By Enyichukwu Enemanna
US President Joe Biden has called for immediate halt to racist shootings, saying silence meant complicity.
Biden was meeting with family members of late Martin Luther King at the White House to mark the 60th anniversary of the march where MLK delivered his popular “I Have a Dream” speech in which he called on the US government to guarantee and uphold the rights of Black people.
At the meeting on Monday, Biden condemned racial injustice days after a racially motivated attack in which three Black people were killed in the US.
Biden said at the meeting which also had civil rights advocates in attendance that they “can’t let hate prevail, and it’s on the rise.”
He called for an end to the type of “hate-fueled violence” that authorities said motivated a white man to fatally shoot three Black people at a Florida store at the weekend.
The shooter, a 21-year-old white man, wore a mask as he opened fire at Black people at a Dollar General store in what authorities said was a hate crime.
Police said the shooter, who had also posted racist writings, killed himself after the action.
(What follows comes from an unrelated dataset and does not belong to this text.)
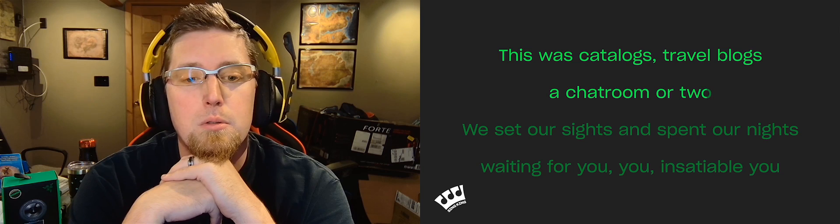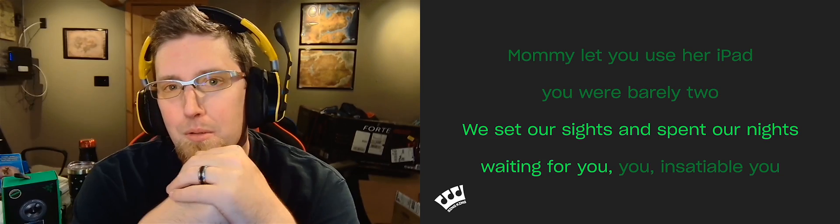This was catalogs, travel blogs, a chatroom or two. We set our sights and spent our nights waiting for you.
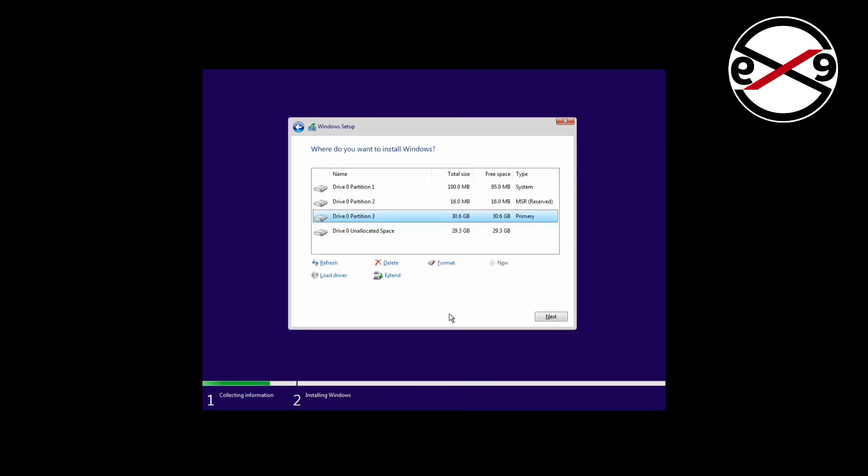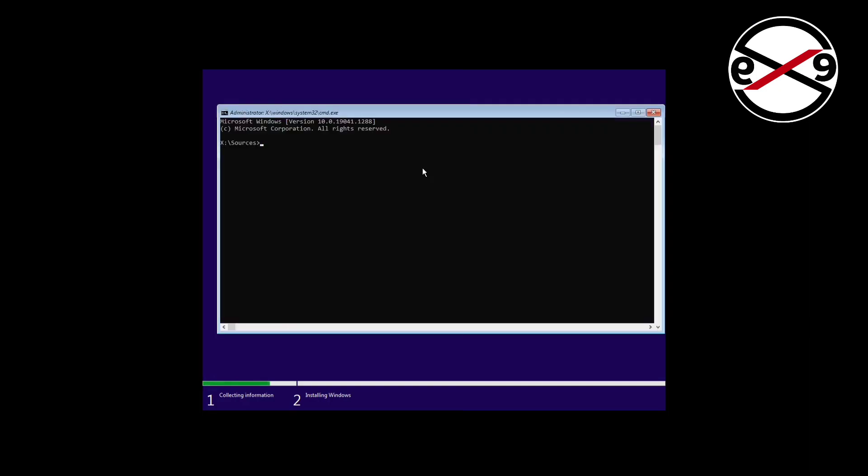Press Shift and F10 keys to get the command prompt. Type diskpart.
Biden said they could stop hatred by “talking directly to the American people because I think the vast majority of the American people agree with this table,” referring to the civil rights advocates in the room.
US Vice President Kamala Harris, the first Black person elected vice president, was also at the meeting and said Americans had more in common than what divided them.
“Yet there are those who are intentionally trying to divide us as a nation and I believe each of us has a duty, a duty to not allow factions to sever our unity,” she said.
King’s son lamented the state of racial affairs in the US, saying, “we are at a very challenging and difficult time.”